2. Pengendalian Semangat dan Emosi Keagamaan
Kenyataannya setiap agama telah memunculkan dua kondisi kejiwaan para
pemeluknya yang diidealkan berjalan paralel, yakni sikap agamis dan emosional. Seorang pemeluk agama tidak mungkin dikatakan
agamis menurut logika agama yang dipeluknya jika tidak memiliki emosi keagamaan. Tapi jika
hanya semangat, tanpa disertai dengan kemampuan memahami agama dengan baik
maka radikalisme sangat mungkin terjadi.
3. Tidak melakukan politisasi agama
Berpolitik tanpa fondasi agama bisa
membawa pada tindakan pembenaran segala cara (Machiavellism). Tapi bukan berarti kita
boleh melakukan eksploitasi agama untuk pemenuhan kepentingan politik. Ini penting
untuk menghindari “perang tafsir” demi kepentingan politik.

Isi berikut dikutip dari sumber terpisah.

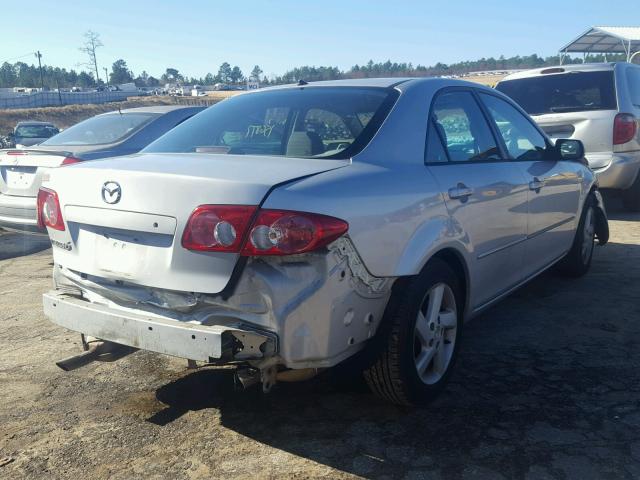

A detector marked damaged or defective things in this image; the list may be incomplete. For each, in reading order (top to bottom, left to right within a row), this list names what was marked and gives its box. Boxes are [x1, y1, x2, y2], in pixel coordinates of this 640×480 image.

rear collision damage [45, 235, 392, 390]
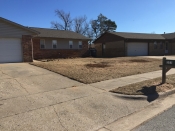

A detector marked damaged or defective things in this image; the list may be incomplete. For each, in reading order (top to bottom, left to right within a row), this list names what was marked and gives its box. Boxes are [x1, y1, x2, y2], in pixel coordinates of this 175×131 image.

4. Membangun Padaparadigma
Kemanusiaan Membangun kerjasama dengan sesama
kelompok lain baik dalam satu agama maupun beda agama harus berdasarkan pada
paradigma kemanusiaan (Humanity), tidak berdasar pada paradigma politik. Dalam politik berlaku adagium “tidak ada lawan dan teman abadi yang ada hanyalah kepentingan abadi”. “In politics your enemy can not hurt you but
your friend will kill you”. Jadi dalam politik yang ada hanya persahabatan semu.